Une dimension spirituelle dans la pratique de l’ochju
Pour Hélène Susini, c’est toute une “dimension spirituelle” qui entre en œuvre lors de la pratique de l’ochju. “Je considère qu’il faut une sorte d’élan de transcendance vers le divin, sans lequel on ne peut signer l’ochju. Il faut aussi une volonté d’aider son prochain de façon généreuse et désintéressée. Il y a une véritable verticalité du divin vers nous, mais aussi une horizontalité de nous vers les autres.” Elle précise que “plus je cherche à m’élever en conscience et à comprendre les autres, plus je suis compétente pour signer l’ochju, et inversement.”

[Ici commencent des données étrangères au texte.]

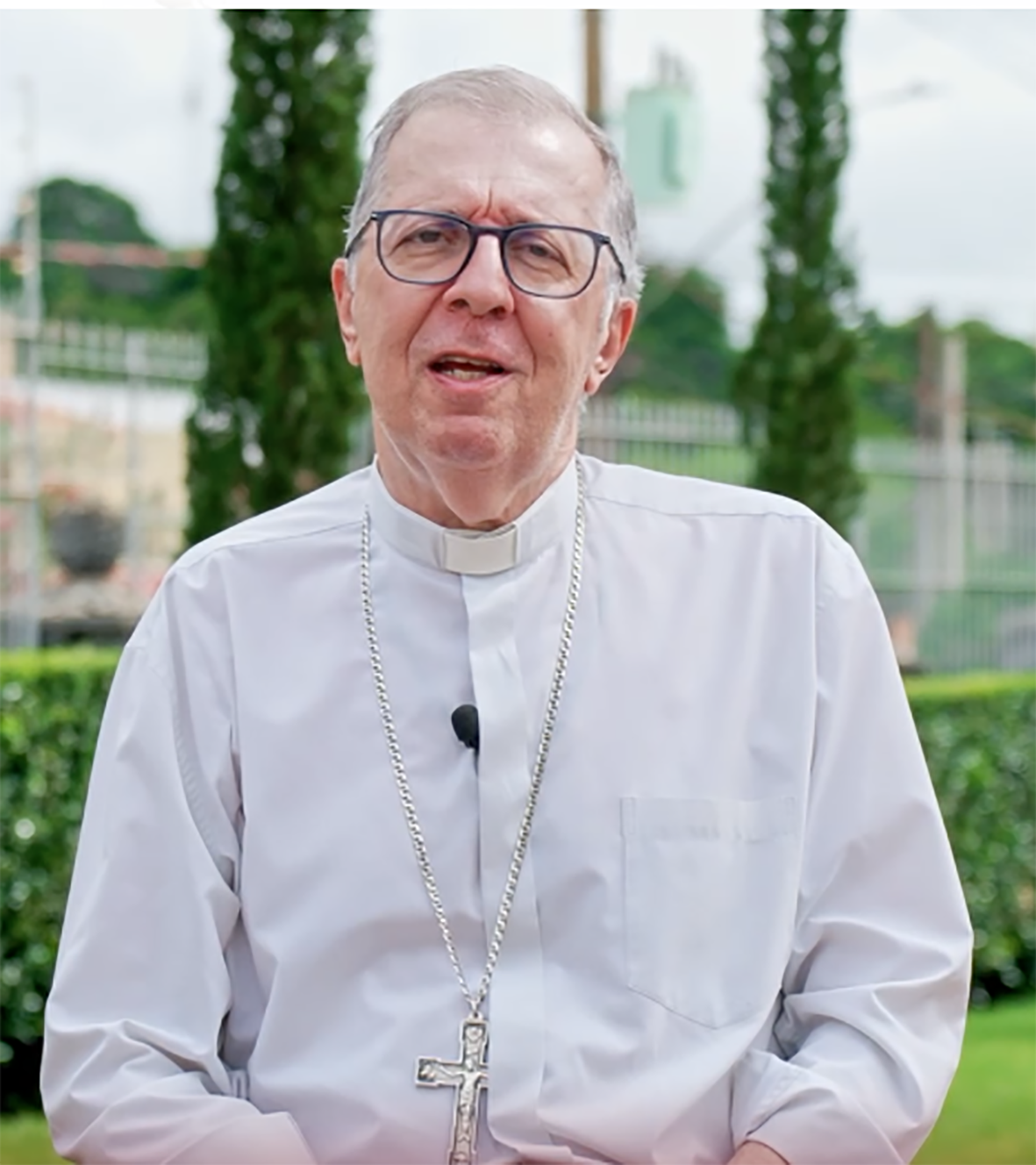 Dom Milton confirma instalação de Quase Paróquia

Aujourd’hui, son but est de défendre le riacquistu des pratiques magico-religieuses, grâce à son association E Signadore, créée en 2022. “Notre objectif, avec les autres signadore avec qui j’échange, est de retrouver des pratiques quotidiennes, qui étaient naturelles chez nos aïeux et qui se perdent tout doucement pour différentes raisons.” Ce qu’elle aime, c’est de s’apercevoir que “certaines pratiques n’ont jamais disparu, et ont continué à être pratiquées”. “Certaines pratiques, dont on dit venir des États-Unis, sont en fait des pratiques qui ont toujours été en Corse, et qui ne sont jamais parties. Je pense par exemple aux paysans qui montaient les nuits de pleine Lune remplir d’eau de source les anfractuosités des rochers pour que cette eau soit chargée des énergies de la Lune. Aujourd’hui, on recommande de faire son eau de Lune parce qu’elle apporte des bienfaits.”